Convolutional Neural Nets for Image Recognition

Convolutional Neural Nets for Image Recognition#

1. Introduction#

This tutorial is an introduction to Convolutional Neural Networks using TensorFlow 2.x Keras API. The dataset that we will work it is the Cifar10 dataset, a dataset of images from 10 different classes, and we will use a Sequential CNN to identify the class of an image.

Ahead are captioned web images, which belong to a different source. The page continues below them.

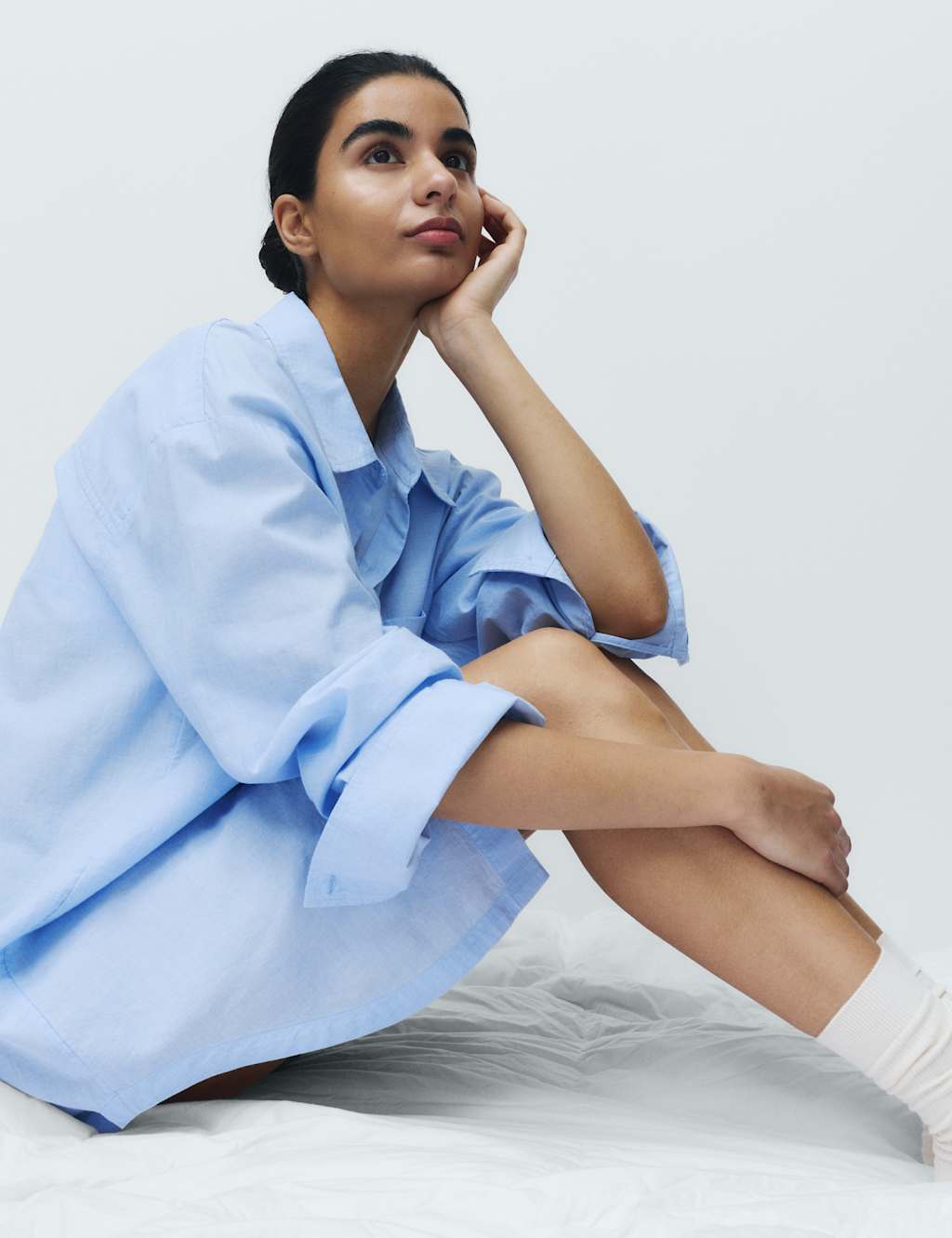 M&S Women's Pure Cotton Chambray Collared Nightshirt - 16 - Blue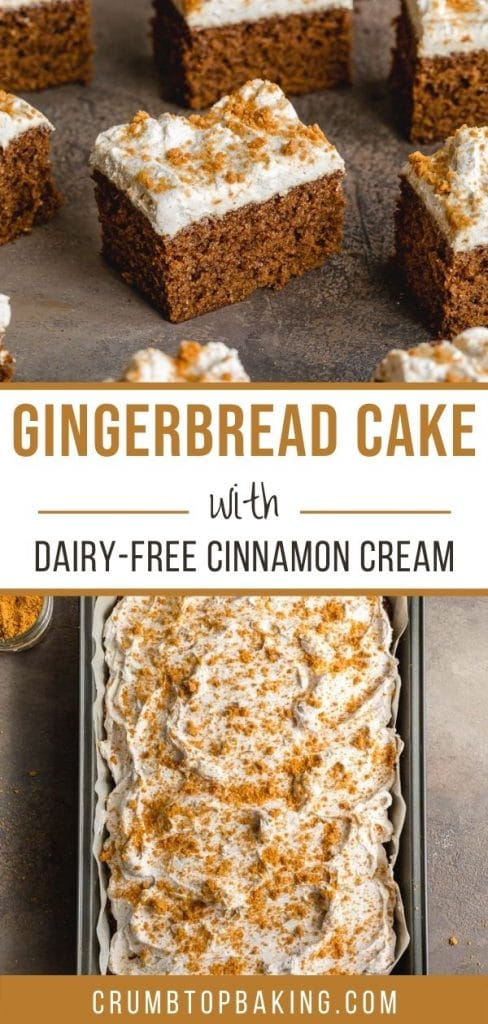 Pinterest image for Easy Gingerbread Cake Recipe - long pin 2.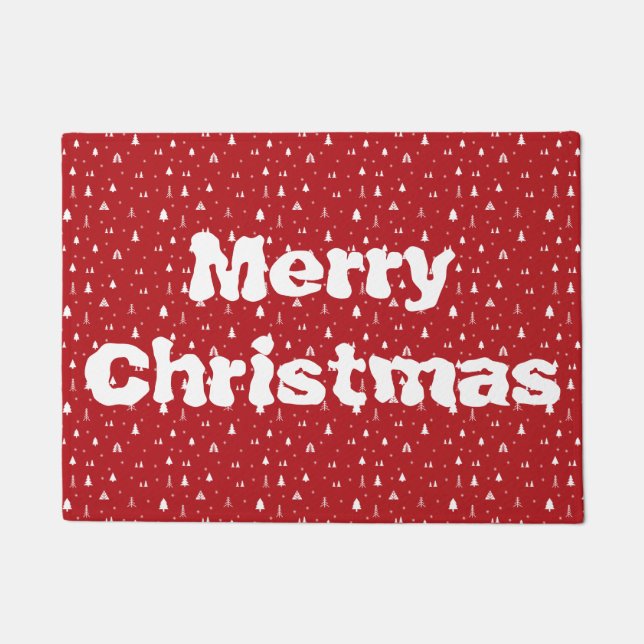 Weihnachtsbäume und Schneeflocken Türmatte (Vorderseite)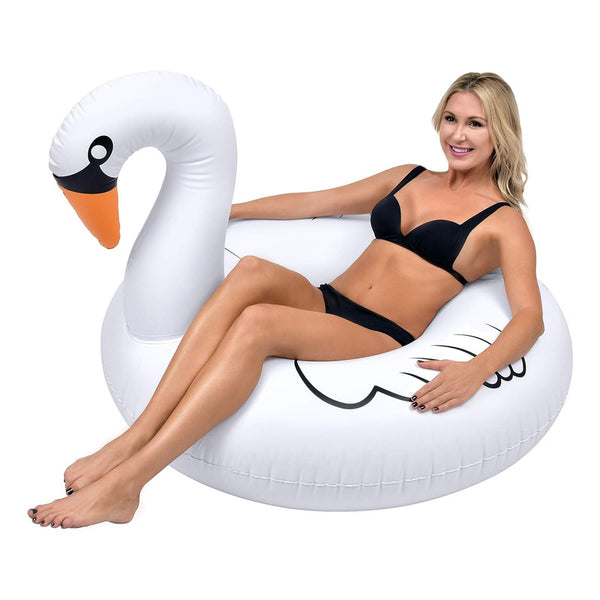 Flotador Inflable GoFloats Cisne Para Piscina 45 Pulgadas Con Válvula Rápida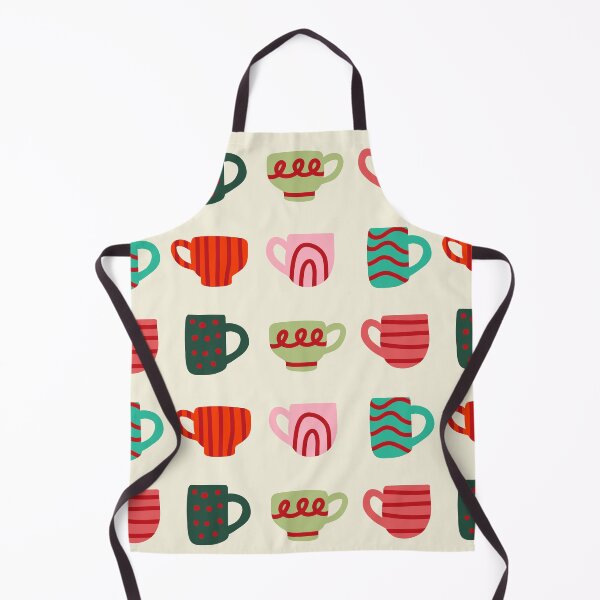 Artikelvorschau, Modernes minimalistisches Teetassen-Partymuster (rot/grün/rosa) entworfen und verkauft von Design Minds Boutique.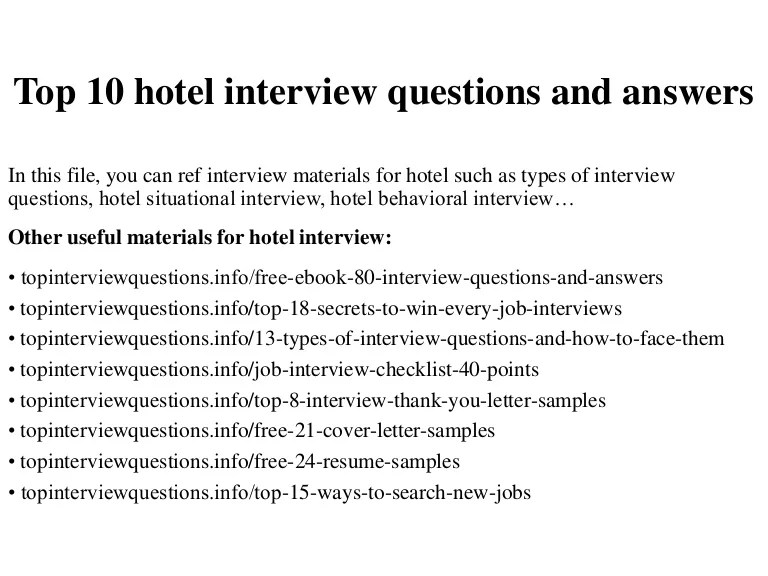 Questions To Ask Interviewer Hotel QUESTOINA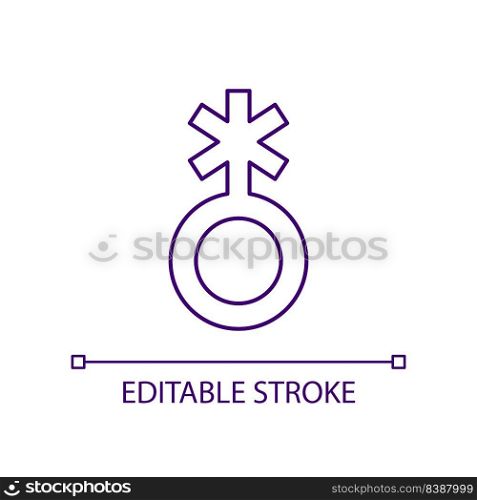 Queer symbol RGB color icon. Gender identity and expression. Sexual orientation. LGBTQ community Isolated vector illustration. Simple filled line drawing. Editable stroke. Arial font used. Queer symbol RGB color icon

This model reaches ~80% accuracy.

To prepare our notebook, run the next cell to import the necessary packages. Change the accelerator from None to GPU on the right.

import tensorflow as tf
import seaborn as sns
import numpy as np
import pandas as pd
import matplotlib.pyplot as plt
import matplotlib.image as mpimg
import itertools

print(tf.__version__)

2.15.0

2. Data Preprocessing#

Before building any ML model, it is important to preprocess the data. In fact, data preprocessing will generally take up the most time in any ML pipeline. The following module goes over the steps to preprocess the CIFAR10 dataset for our purposes.

2.1 Load Data#

Our first step is to load the data and divide it into a training and testing dataset. The CIFAR10 dataset can be downloaded directly from TensorFlow and has already been divided. Run the next cell to import the data.

x_train is the dataset of 32x32 color images of objects that the model will be trained on.

y_train is the dataset of labels that correspond to x_train.

x_test is the dataset of 32x32 color images of objects that the model will be tested on.

y_test is the dataset of labels that correspond to x_test.

Classes: 0. airplane 1. automobile 2. bird 3. cat 4. deer 5. dog 6. frog 7. horse 8. ship 9. truck

cifar10 = tf.keras.datasets.cifar10
(x_train, y_train), (x_test, y_test) = cifar10.load_data()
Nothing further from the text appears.